Description of the task
Every line of the data below must be output exactly, with images left out.

==== Data provided ====

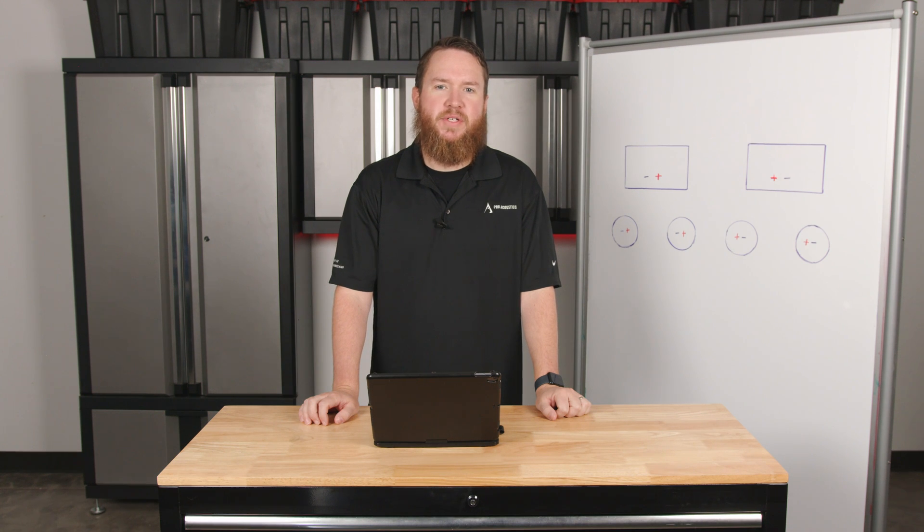Hey everybody, welcome to another Pro Acoustics Tech Talk. I'm Nathan, and today we're going to talk about how to daisy chain speakers.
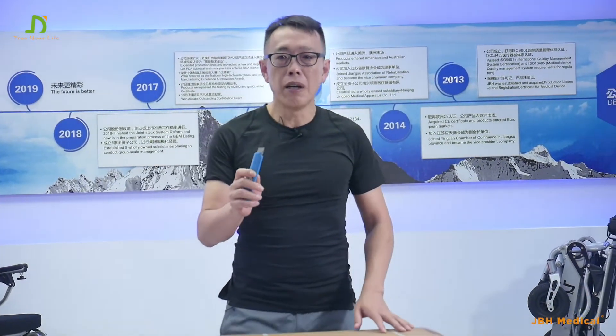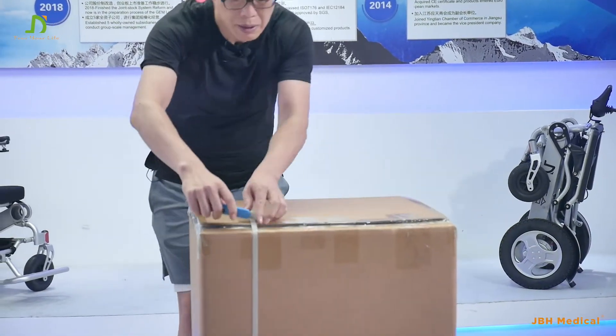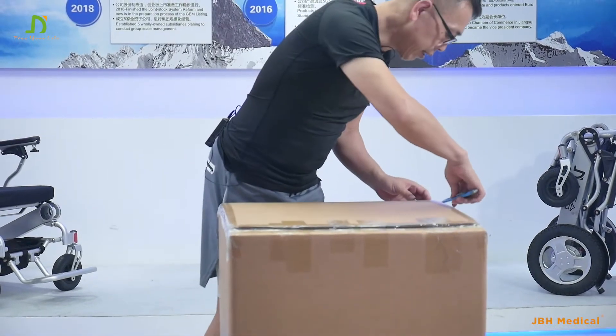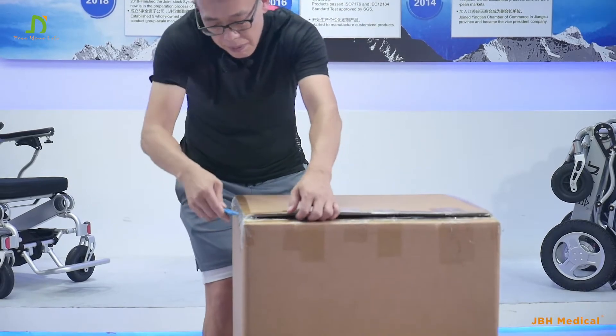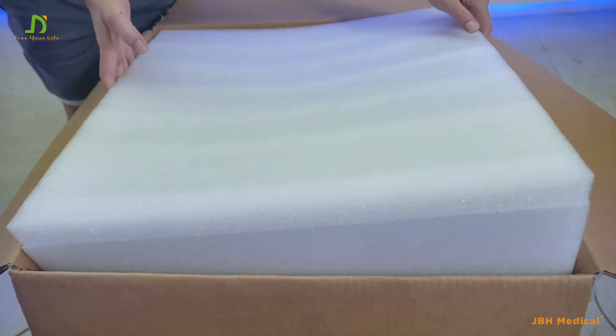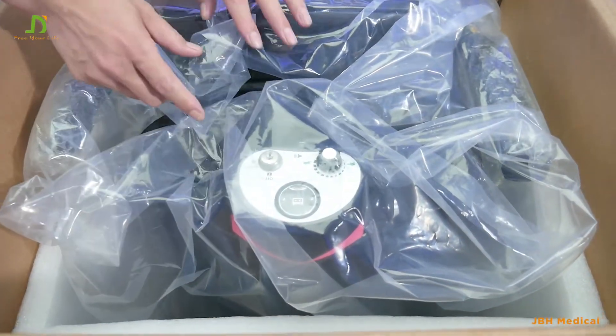First, you need an opener. Open the belt here, cut the belt here, and then here. We can take out the top of the box here, then you'll find the scooter here with plastic.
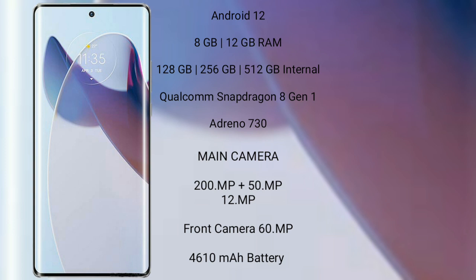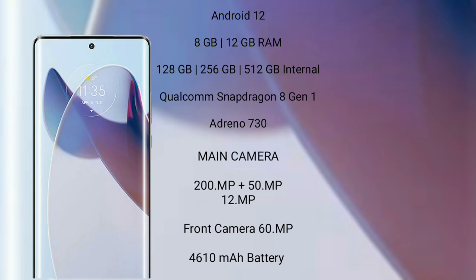The Motorola X30 Pro has a 200-megapixel plus 50-megapixel plus 12-megapixel rear camera setup, and a 60-megapixel front camera. It has a 4610mAh battery with 125-watt fast charging support.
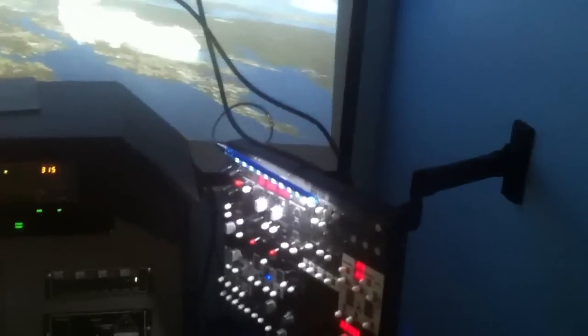Still got my overhead mounted to the wall. I had to move the whole sim pit over some, so now I have to stretch, and I'm thinking about just moving it and mounting it right on the side of the sim pit.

====

Completed task
Hey everybody, welcome to another Pro Acoustics Tech Talk. I'm Nathan, and today we're going to talk about how to daisy chain speakers.
First, you need an opener. Open the belt here, cut the belt here, and then here. We can take out the top of the box here, then you'll find the scooter here with plastic.
The Motorola X30 Pro has a 200-megapixel plus 50-megapixel plus 12-megapixel rear camera setup, and a 60-megapixel front camera. It has a 4610mAh battery with 125-watt fast charging support.
Still got my overhead mounted to the wall. I had to move the whole sim pit over some, so now I have to stretch, and I'm thinking about just moving it and mounting it right on the side of the sim pit.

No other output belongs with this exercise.